* **Task statement**
Pictures aside, each record should be reproduced exactly.

* **Data for this task**
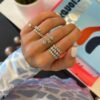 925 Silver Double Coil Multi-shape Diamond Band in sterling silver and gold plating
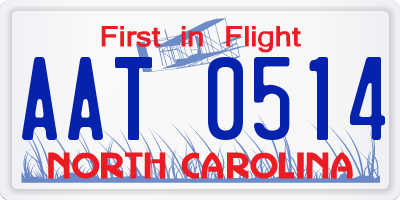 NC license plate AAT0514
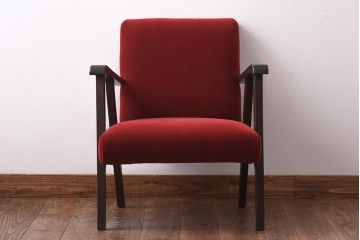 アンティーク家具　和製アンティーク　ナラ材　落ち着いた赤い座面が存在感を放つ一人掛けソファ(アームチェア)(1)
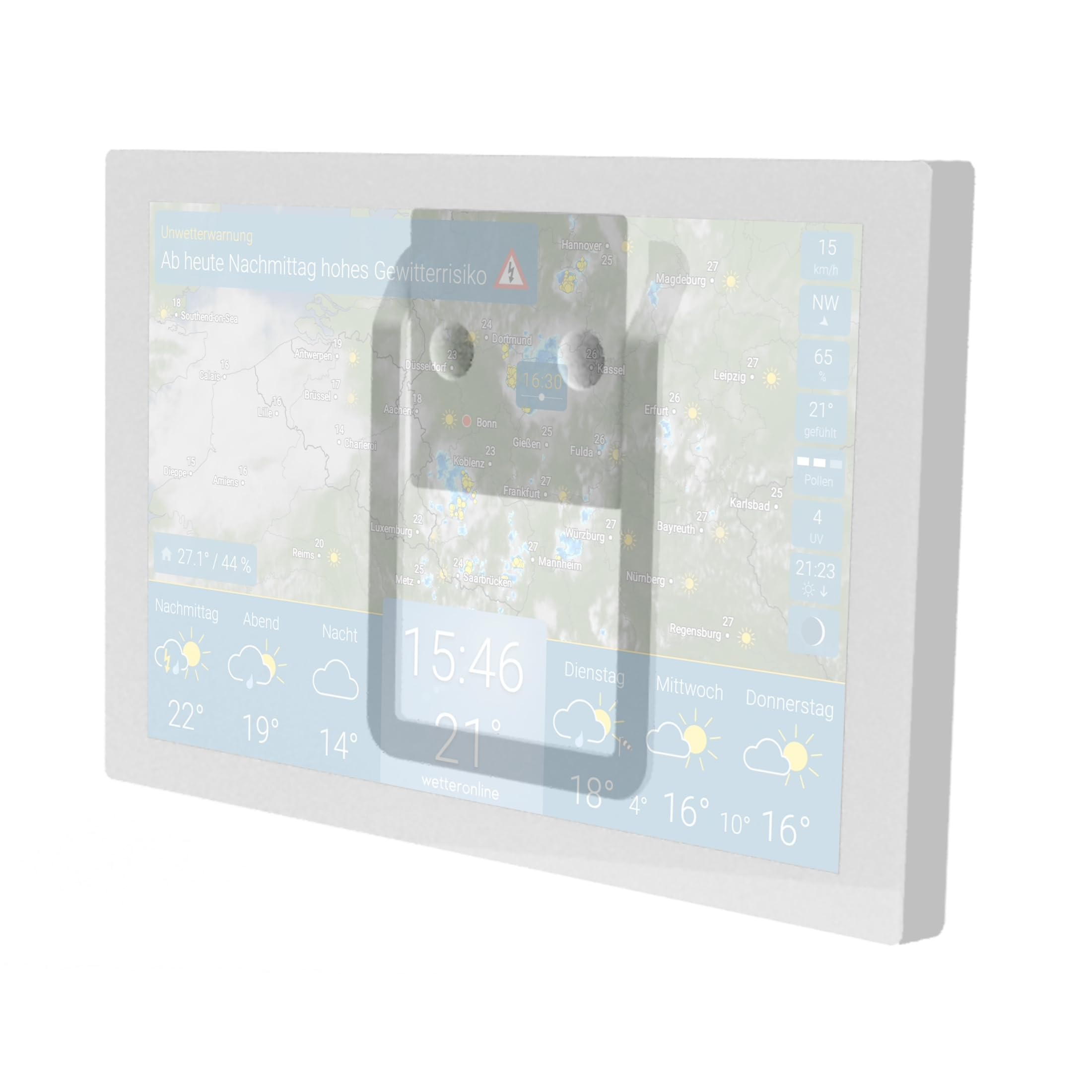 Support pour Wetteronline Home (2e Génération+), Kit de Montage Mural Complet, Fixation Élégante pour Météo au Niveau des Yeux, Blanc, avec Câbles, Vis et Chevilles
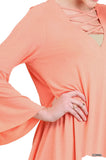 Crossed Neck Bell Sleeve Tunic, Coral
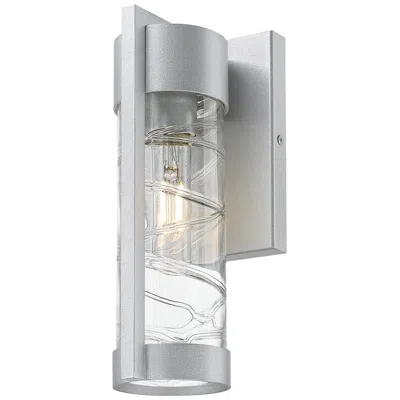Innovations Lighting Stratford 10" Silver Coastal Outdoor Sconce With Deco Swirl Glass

* **Task output**
 925 Silver Double Coil Multi-shape Diamond Band in sterling silver and gold plating
 NC license plate AAT0514
 アンティーク家具　和製アンティーク　ナラ材　落ち着いた赤い座面が存在感を放つ一人掛けソファ(アームチェア)(1)
 Support pour Wetteronline Home (2e Génération+), Kit de Montage Mural Complet, Fixation Élégante pour Météo au Niveau des Yeux, Blanc, avec Câbles, Vis et Chevilles
 Crossed Neck Bell Sleeve Tunic, Coral
Innovations Lighting Stratford 10" Silver Coastal Outdoor Sconce With Deco Swirl Glass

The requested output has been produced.